-------- Recorded data

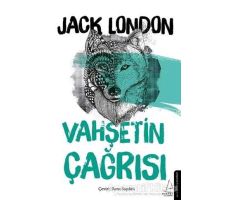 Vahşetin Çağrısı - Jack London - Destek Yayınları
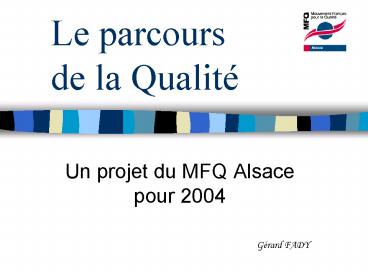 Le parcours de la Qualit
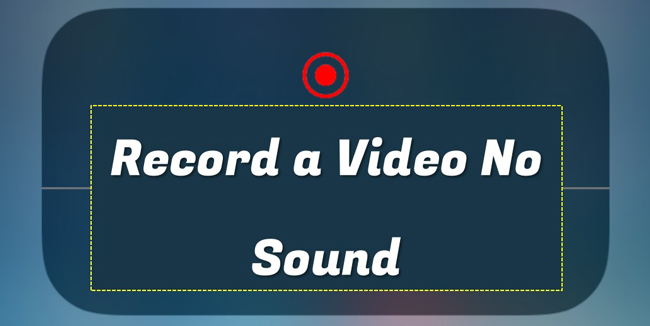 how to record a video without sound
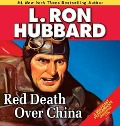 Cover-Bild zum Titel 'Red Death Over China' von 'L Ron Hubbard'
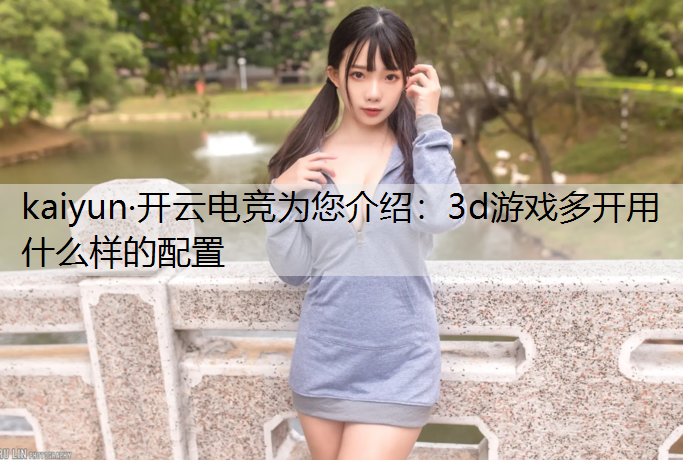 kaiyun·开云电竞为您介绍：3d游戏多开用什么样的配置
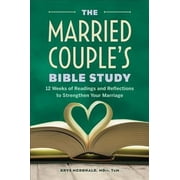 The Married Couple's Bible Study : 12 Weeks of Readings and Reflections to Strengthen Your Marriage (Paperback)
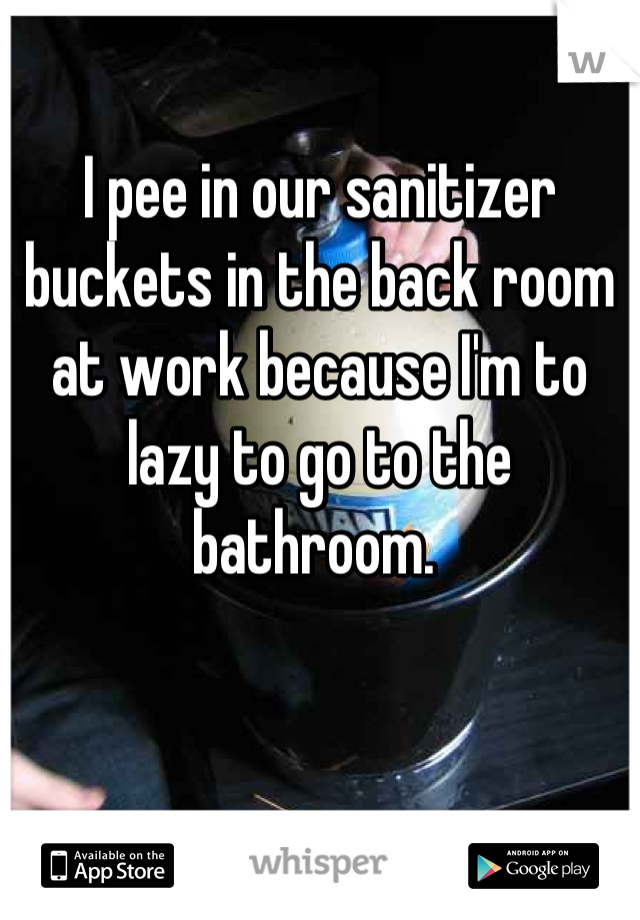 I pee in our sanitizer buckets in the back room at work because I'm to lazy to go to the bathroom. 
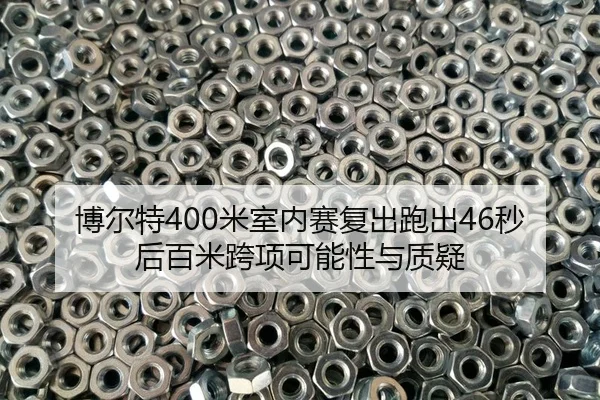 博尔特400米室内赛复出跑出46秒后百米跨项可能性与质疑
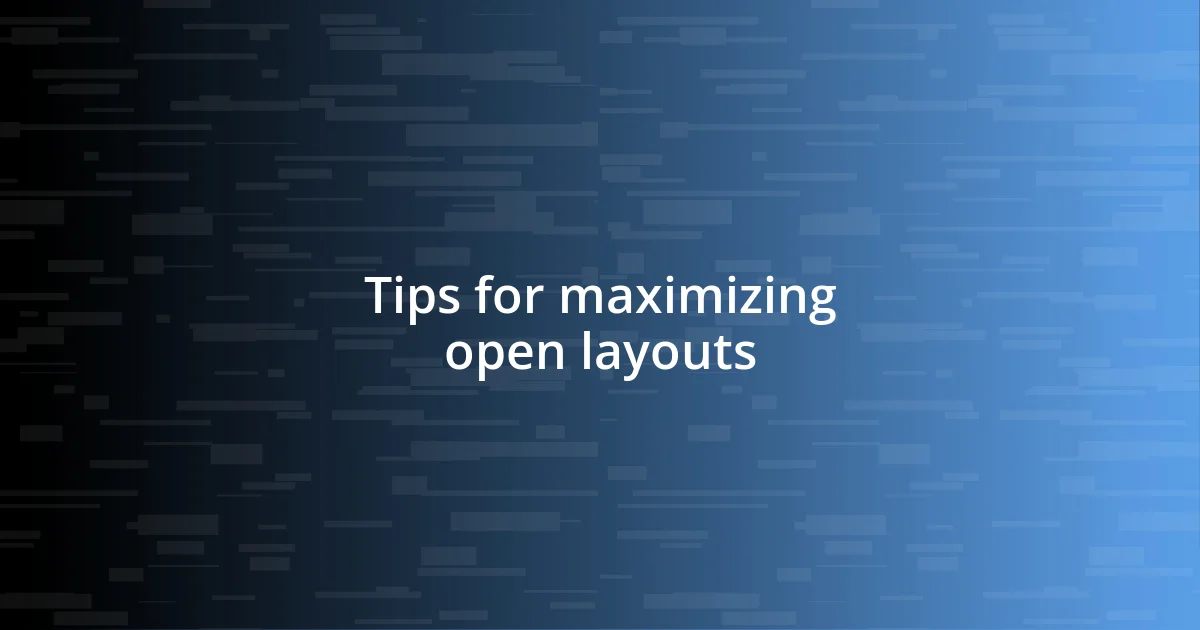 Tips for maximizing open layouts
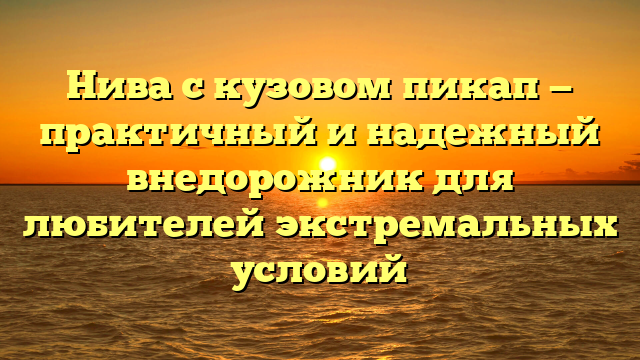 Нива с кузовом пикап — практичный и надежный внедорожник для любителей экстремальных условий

----------------

What is needed ▸ Extract all the data above exactly, excluding every picture.

Task response ▸
 Vahşetin Çağrısı - Jack London - Destek Yayınları
 Le parcours de la Qualit
 how to record a video without sound
 Cover-Bild zum Titel 'Red Death Over China' von 'L Ron Hubbard'
 kaiyun·开云电竞为您介绍：3d游戏多开用什么样的配置
 The Married Couple's Bible Study : 12 Weeks of Readings and Reflections to Strengthen Your Marriage (Paperback)
 I pee in our sanitizer buckets in the back room at work because I'm to lazy to go to the bathroom. 
 博尔特400米室内赛复出跑出46秒后百米跨项可能性与质疑
 Tips for maximizing open layouts
 Нива с кузовом пикап — практичный и надежный внедорожник для любителей экстремальных условий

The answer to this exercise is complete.